Given information: Begin

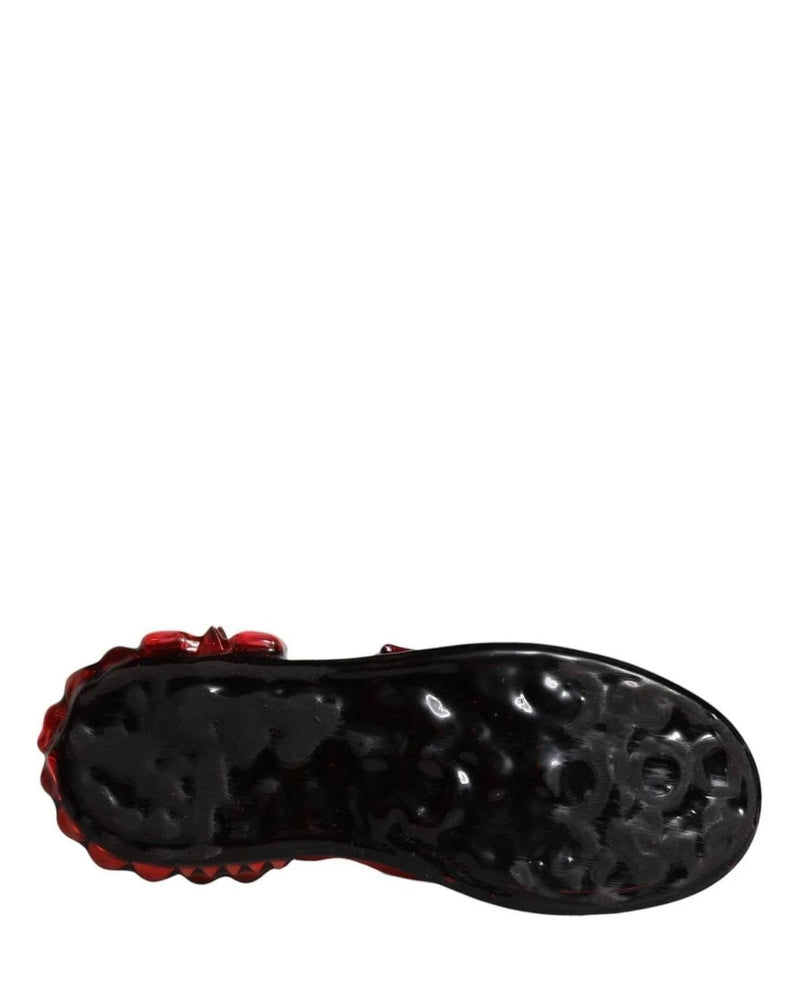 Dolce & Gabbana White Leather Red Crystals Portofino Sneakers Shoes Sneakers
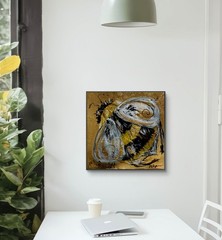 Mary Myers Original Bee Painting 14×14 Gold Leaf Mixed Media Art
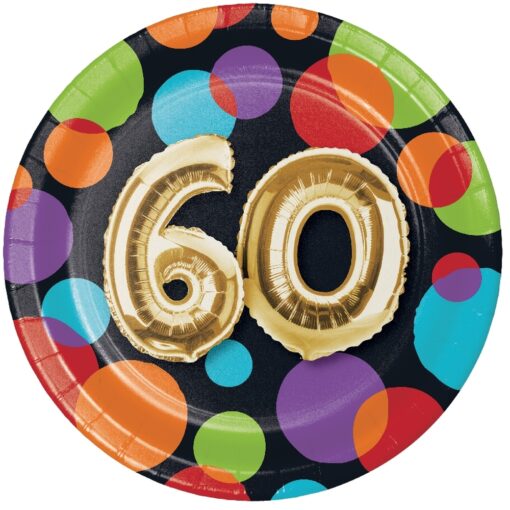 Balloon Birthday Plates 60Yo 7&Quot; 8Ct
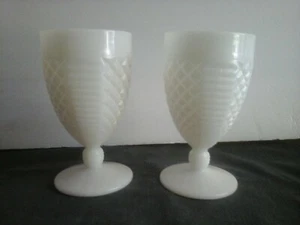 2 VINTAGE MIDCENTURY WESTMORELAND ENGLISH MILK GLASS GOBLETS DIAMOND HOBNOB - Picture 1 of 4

Given information: End
Given information: Begin

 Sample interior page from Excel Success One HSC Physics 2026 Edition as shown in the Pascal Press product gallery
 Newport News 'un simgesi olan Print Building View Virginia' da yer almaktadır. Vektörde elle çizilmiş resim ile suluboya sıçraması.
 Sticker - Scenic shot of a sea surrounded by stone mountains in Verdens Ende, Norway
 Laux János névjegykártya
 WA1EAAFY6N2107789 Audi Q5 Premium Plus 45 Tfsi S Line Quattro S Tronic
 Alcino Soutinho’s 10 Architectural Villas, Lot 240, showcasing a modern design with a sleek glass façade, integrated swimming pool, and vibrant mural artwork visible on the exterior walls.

Given information: End

_Task objective_
From the records above, extract exactly and only the lines that begin at the line with "Laux János névjegykártya" and stop after the line with "Alcino Soutinho’s 10".

_Task solution_
 Laux János névjegykártya
 WA1EAAFY6N2107789 Audi Q5 Premium Plus 45 Tfsi S Line Quattro S Tronic
 Alcino Soutinho’s 10 Architectural Villas, Lot 240, showcasing a modern design with a sleek glass façade, integrated swimming pool, and vibrant mural artwork visible on the exterior walls.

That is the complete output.